(Captioned web image data)
★ ★ ★

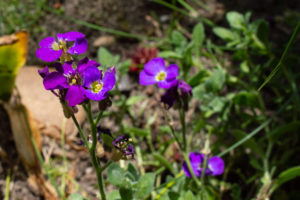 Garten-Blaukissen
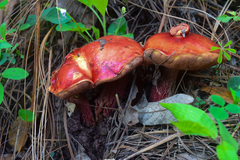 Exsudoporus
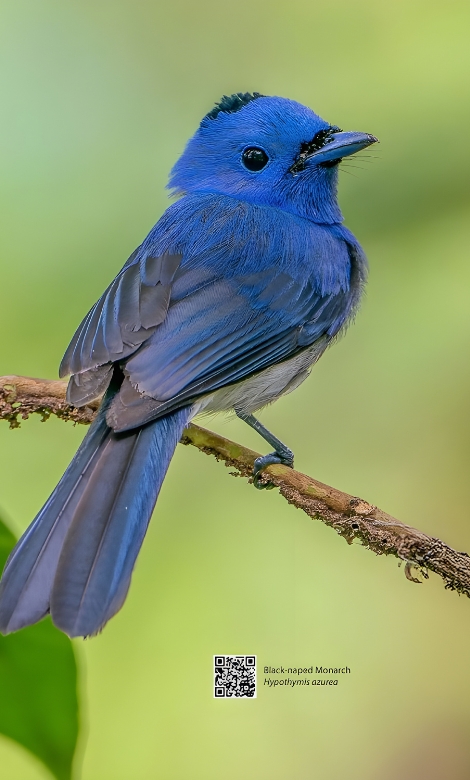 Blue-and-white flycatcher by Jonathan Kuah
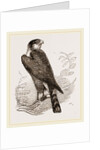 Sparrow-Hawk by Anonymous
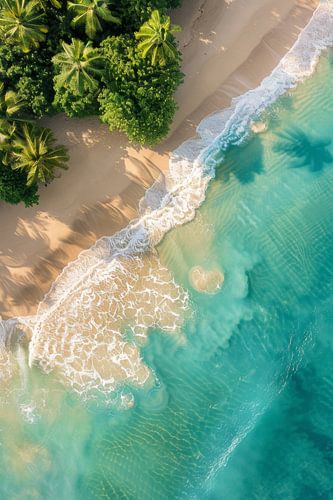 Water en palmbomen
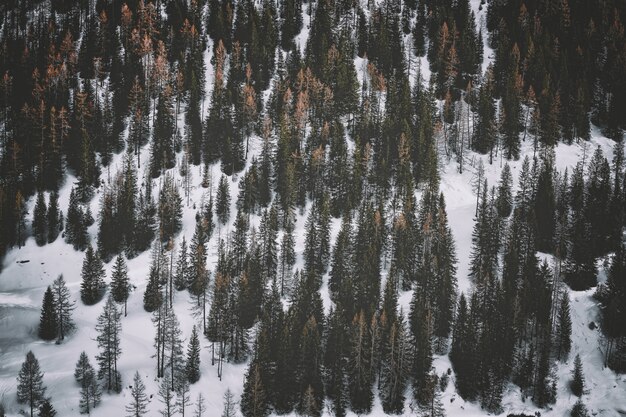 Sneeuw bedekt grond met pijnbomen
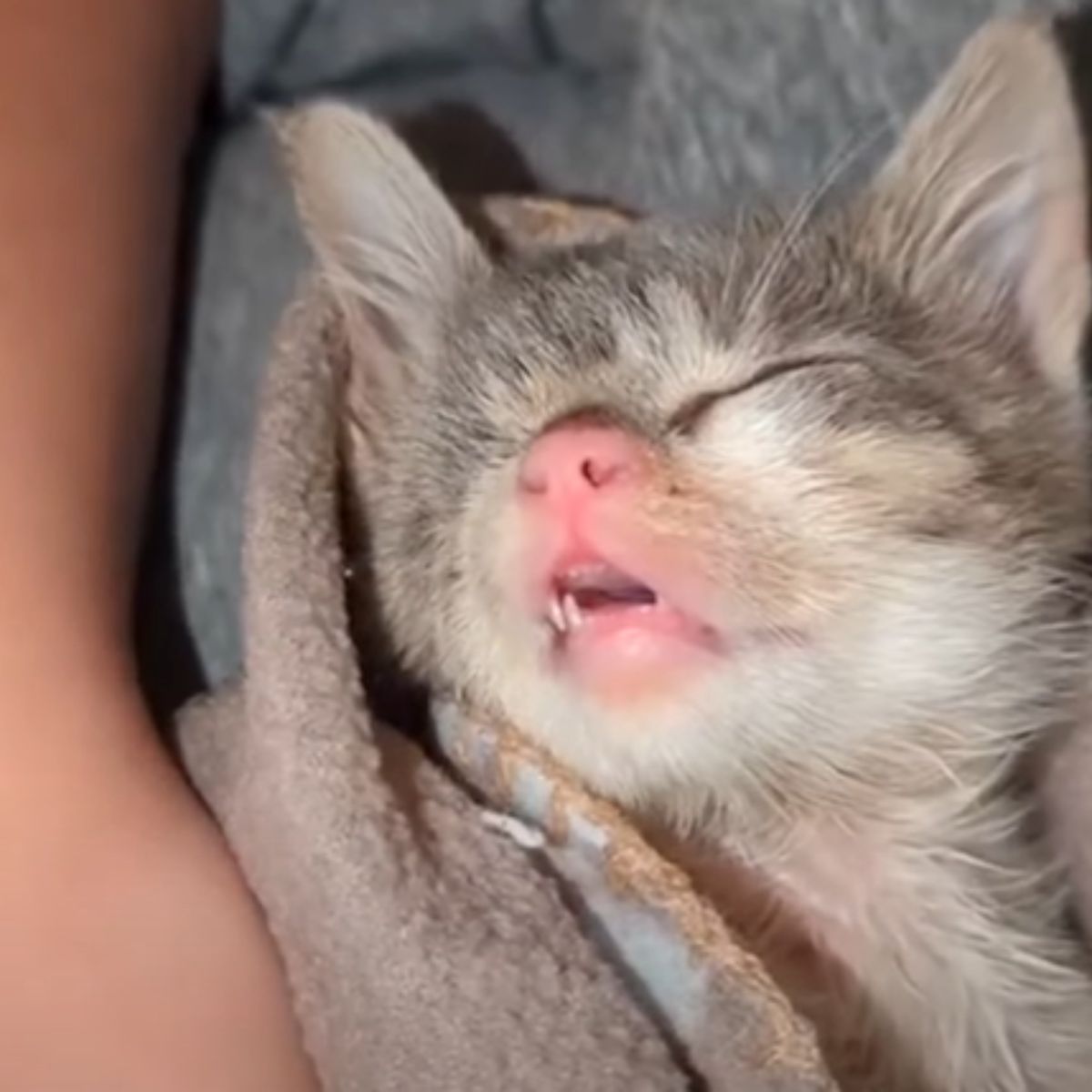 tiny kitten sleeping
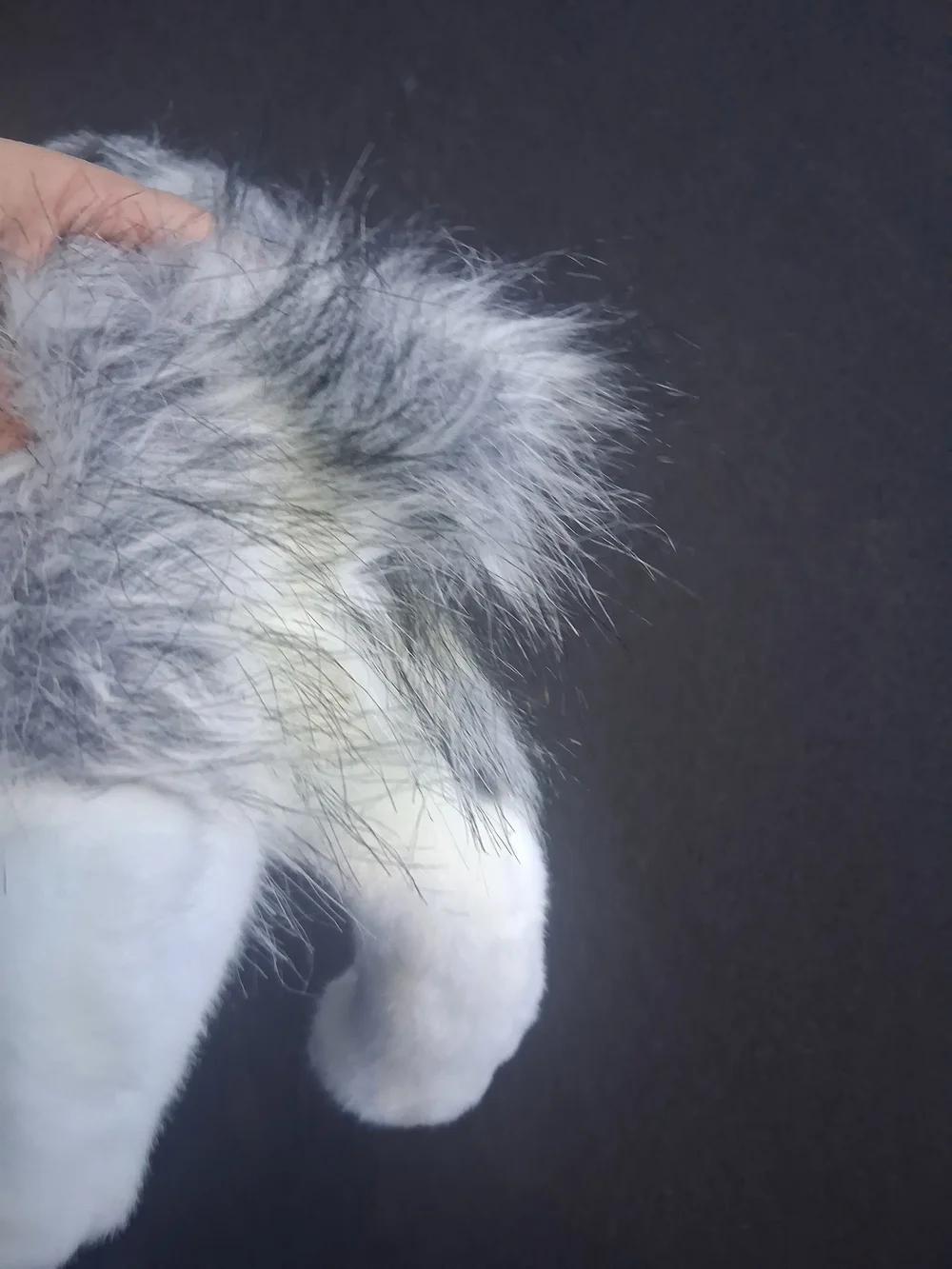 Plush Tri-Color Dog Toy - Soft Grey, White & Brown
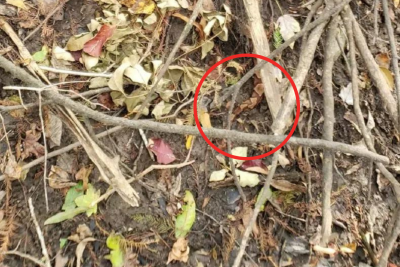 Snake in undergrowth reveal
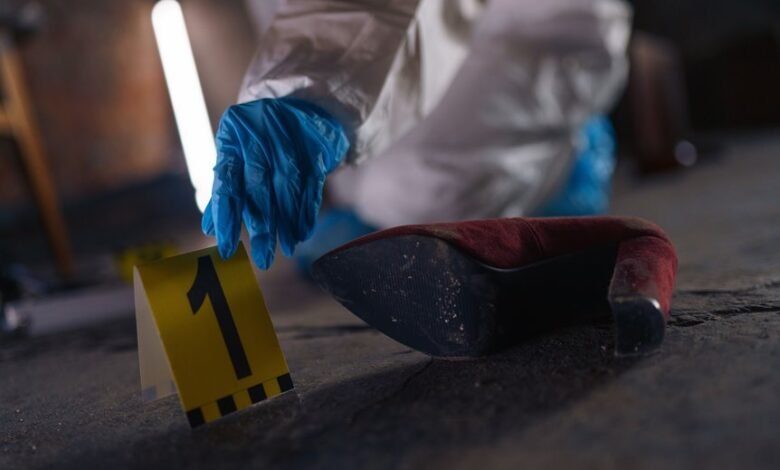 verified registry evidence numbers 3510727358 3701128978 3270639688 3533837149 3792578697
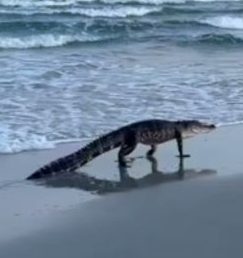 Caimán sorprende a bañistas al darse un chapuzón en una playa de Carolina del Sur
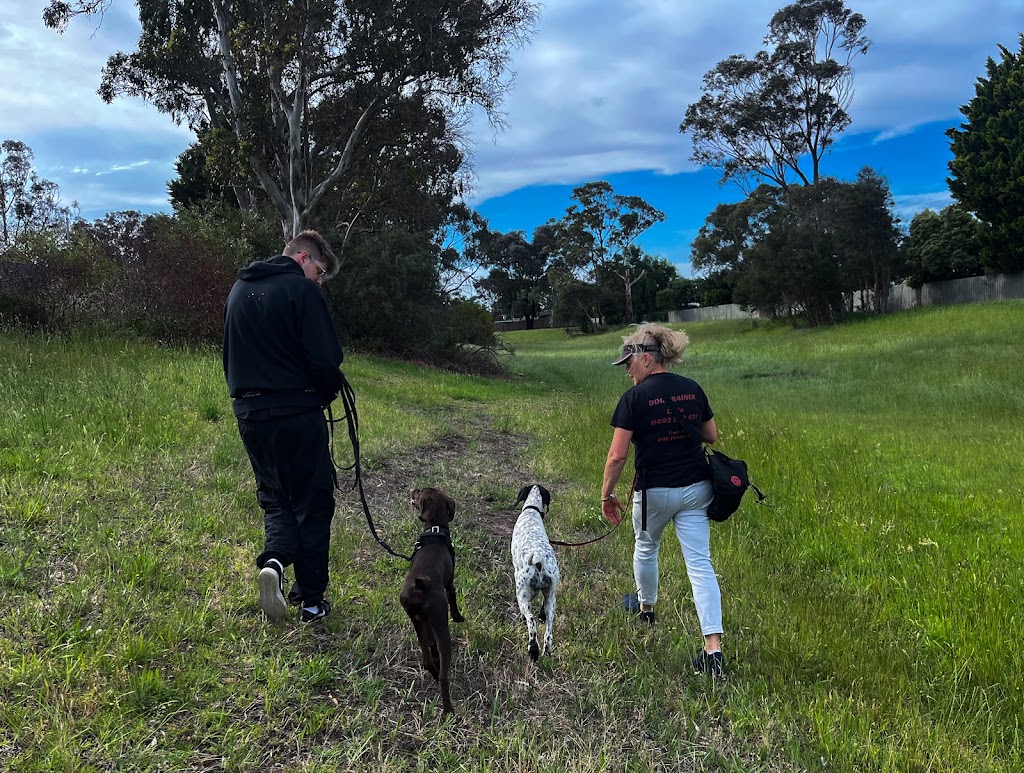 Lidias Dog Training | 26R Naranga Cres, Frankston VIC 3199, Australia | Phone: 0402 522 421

★ ★ ★

> **TASK PROMPT**
Extract exactly the lines from the one containing "verified registry evidence" through the last line of the records above, both included, and leave out the pictures.

> **THE ANSWER**
 verified registry evidence numbers 3510727358 3701128978 3270639688 3533837149 3792578697
 Caimán sorprende a bañistas al darse un chapuzón en una playa de Carolina del Sur
 Lidias Dog Training | 26R Naranga Cres, Frankston VIC 3199, Australia | Phone: 0402 522 421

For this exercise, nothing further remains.